## WORK INSTRUCTIONS:
Set down every record below exactly as it stands, with the pictures omitted.

## DATASET EXTRACT:
========================
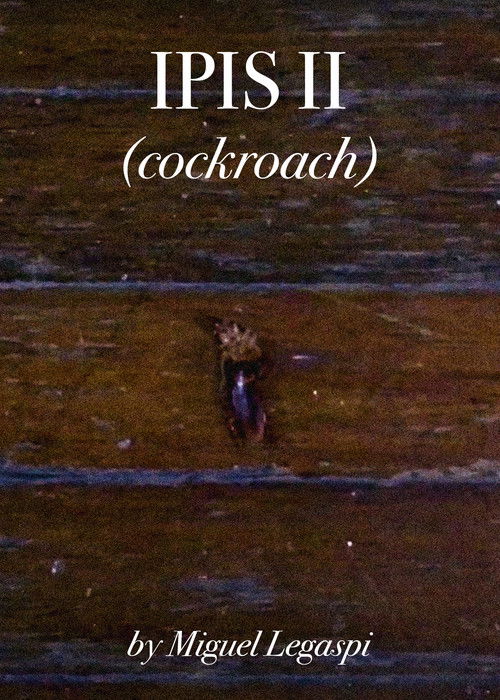Cockroach II poster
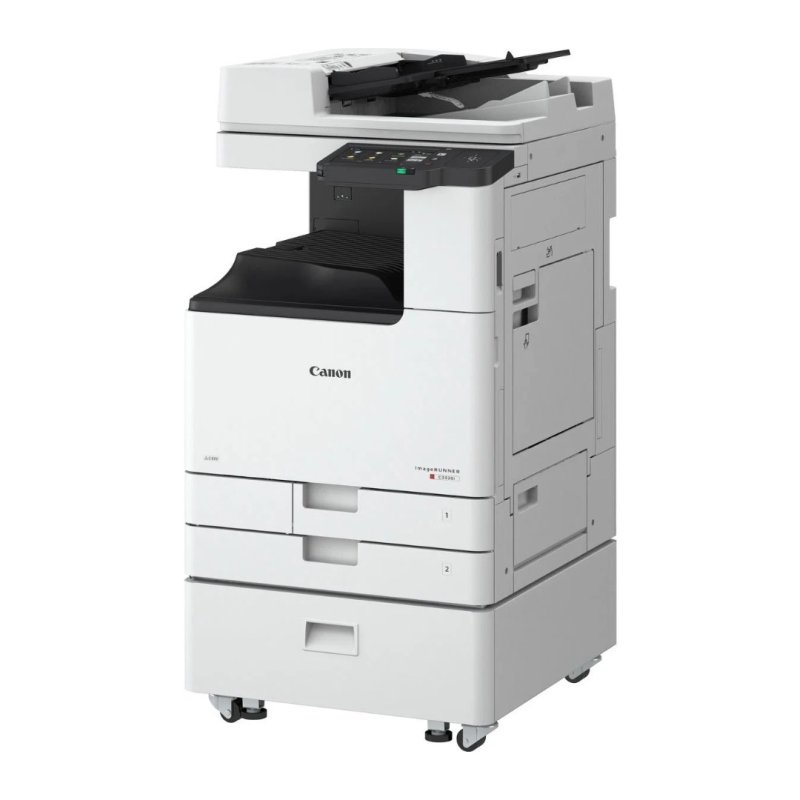 Canon imageRUNNER C3026 MFP + S3 + toner + inst. - obrázek č. 10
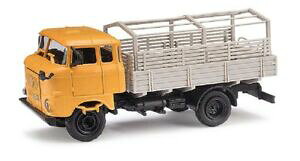 yzzr[@͌^ԁ@ԁ@[VOJ[ ubVbusch 95241 ifa w50 sppv avec spriegel, exp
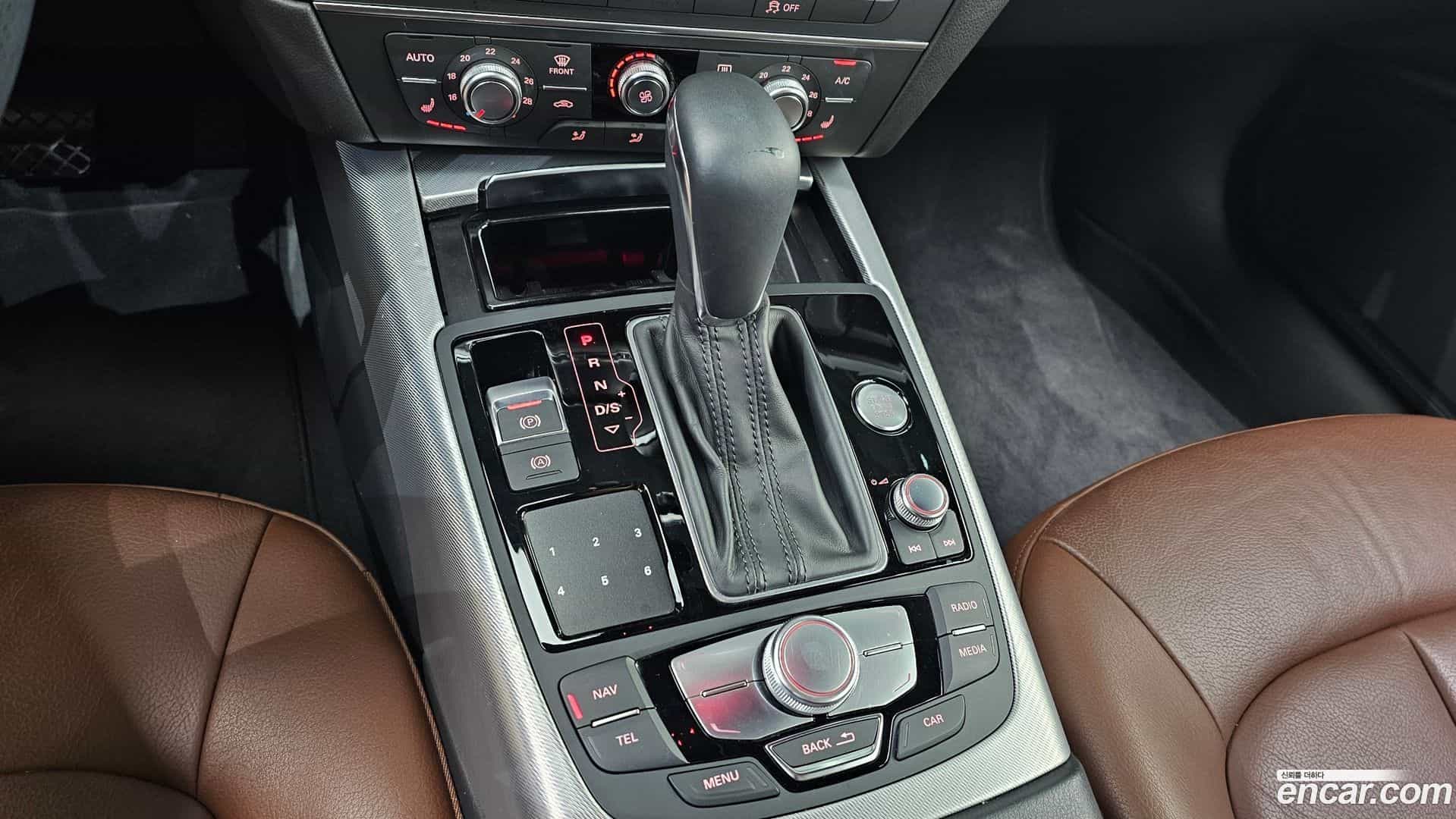 A6 Audi 2018.11-INNER-009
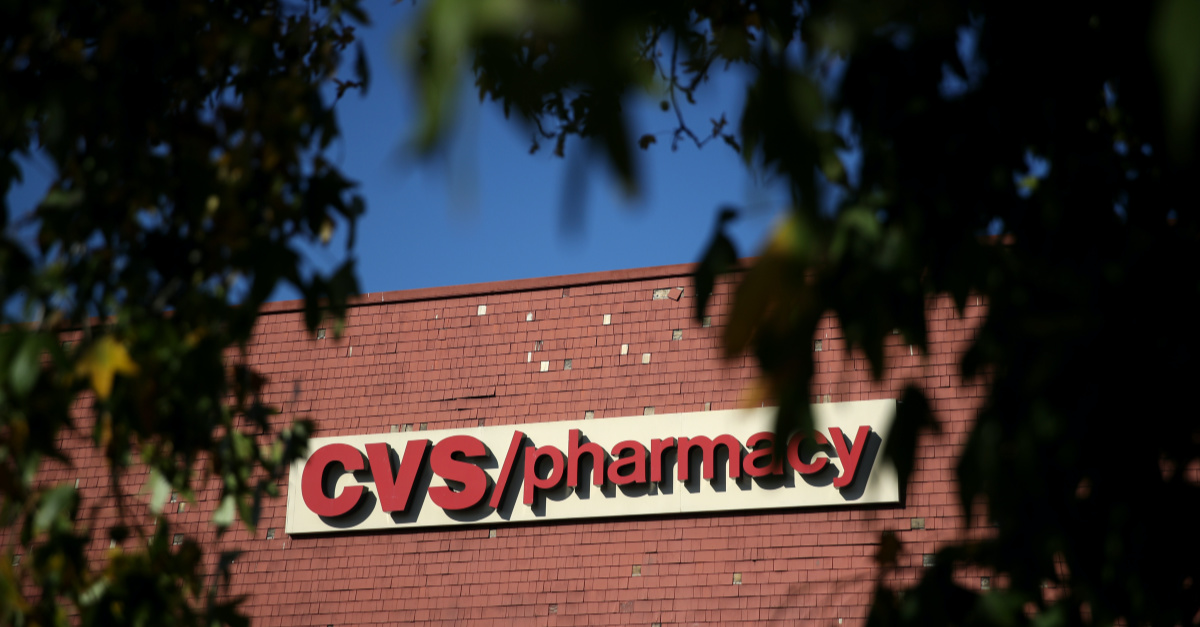 CVS Fired Christian Nurse for not Prescribing Abortion-Inducing Drugs, Complaint Says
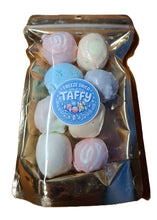 Load image into Gallery viewer, Freeze dried assorted salt water taffy
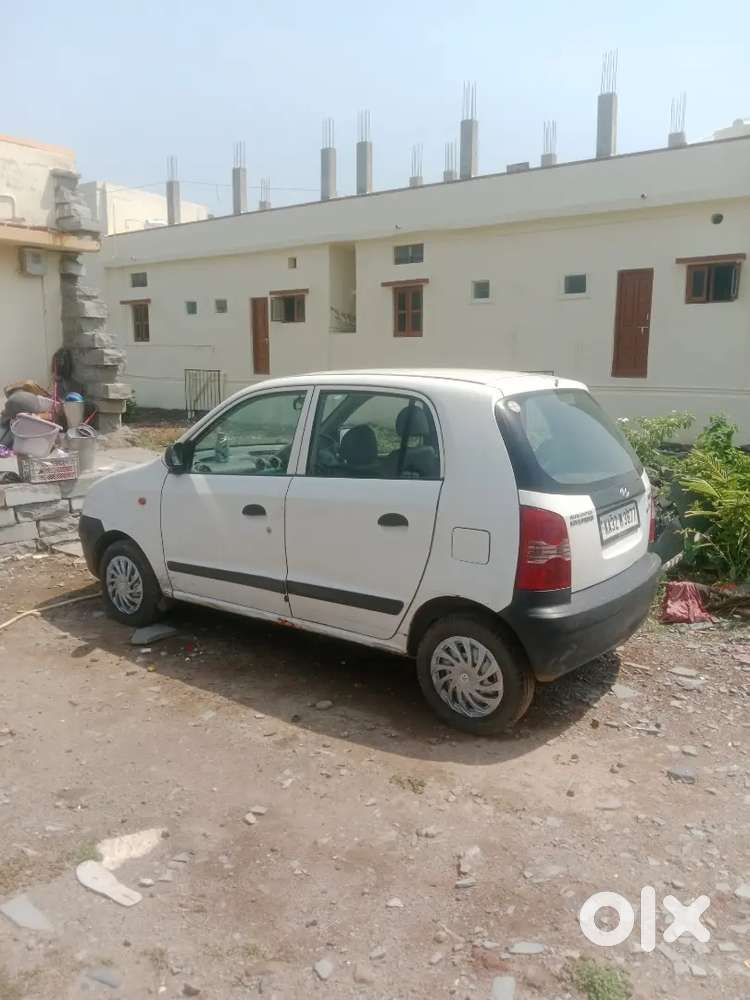 Hyundai Santro Xing 2005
========================
## EXPECTED OUTPUT:
Cockroach II poster
 Canon imageRUNNER C3026 MFP + S3 + toner + inst. - obrázek č. 10
 yzzr[@͌^ԁ@ԁ@[VOJ[ ubVbusch 95241 ifa w50 sppv avec spriegel, exp
 A6 Audi 2018.11-INNER-009
 CVS Fired Christian Nurse for not Prescribing Abortion-Inducing Drugs, Complaint Says
 Load image into Gallery viewer, Freeze dried assorted salt water taffy
 Hyundai Santro Xing 2005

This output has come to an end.